After nine months of working in Columbiana, however, I feel like I’m finally getting my feet under me — knock on wood, of course.
Now, I have to admit that a reporter’s schedule is rarely the same to the day before, and the newsflashes break up the possible monotony. Daily, we receive emails and calls about potential story ideas or saddening incidents that make cringe-worthy headlines.
When I set up interviews, I much prefer to meet a story’s subject in person. I tend to fall head-over-heels into many of my stories, so I want to see the passion on the speaker’s face as he or she talks about the subject matter.
Plus, as all seven reporters sit in the same large room with no cubicle walls or barriers of any kind, I prefer to not bumble my way through a phone interview within earshot of my co-workers, though the conversations that freely flow are more than worth the broken-down walls of the newsroom.

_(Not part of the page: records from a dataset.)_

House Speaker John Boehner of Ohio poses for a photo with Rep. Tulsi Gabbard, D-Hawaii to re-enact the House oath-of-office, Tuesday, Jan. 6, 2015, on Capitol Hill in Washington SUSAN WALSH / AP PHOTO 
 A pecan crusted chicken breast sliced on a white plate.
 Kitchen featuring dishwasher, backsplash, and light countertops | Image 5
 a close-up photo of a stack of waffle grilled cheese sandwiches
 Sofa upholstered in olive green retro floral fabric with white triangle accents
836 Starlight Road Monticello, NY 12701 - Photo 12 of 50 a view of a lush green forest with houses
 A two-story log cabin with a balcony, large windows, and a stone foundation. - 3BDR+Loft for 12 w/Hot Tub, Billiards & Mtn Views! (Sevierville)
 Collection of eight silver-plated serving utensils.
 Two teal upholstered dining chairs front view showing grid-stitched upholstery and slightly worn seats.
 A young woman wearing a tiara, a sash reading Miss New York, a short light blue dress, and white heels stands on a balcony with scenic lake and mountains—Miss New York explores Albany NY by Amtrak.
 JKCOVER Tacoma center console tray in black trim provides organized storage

The most interesting part of being an ink jockey is you, the person out there wanting his or her story to be heard and shared. People react in one of two ways in front of a reporter.
One, they’ll easily open up and share stories and information about events they’ve experienced, tasks they’ve accomplished or future ideas they would like shared.
The second group tends to be more reserved, waiting to warm up to the interviewer before divulging too much.
I would like to thank the residents of Shelby County.
When asked if I like my job, I often say that I like working for this paper, but I’m not sure if I would like working for just any paper.
The county we serve is full of good-hearted folks looking to see their cities prosper.
Thank you for helping this eager, albeit young reporter get her feet under her.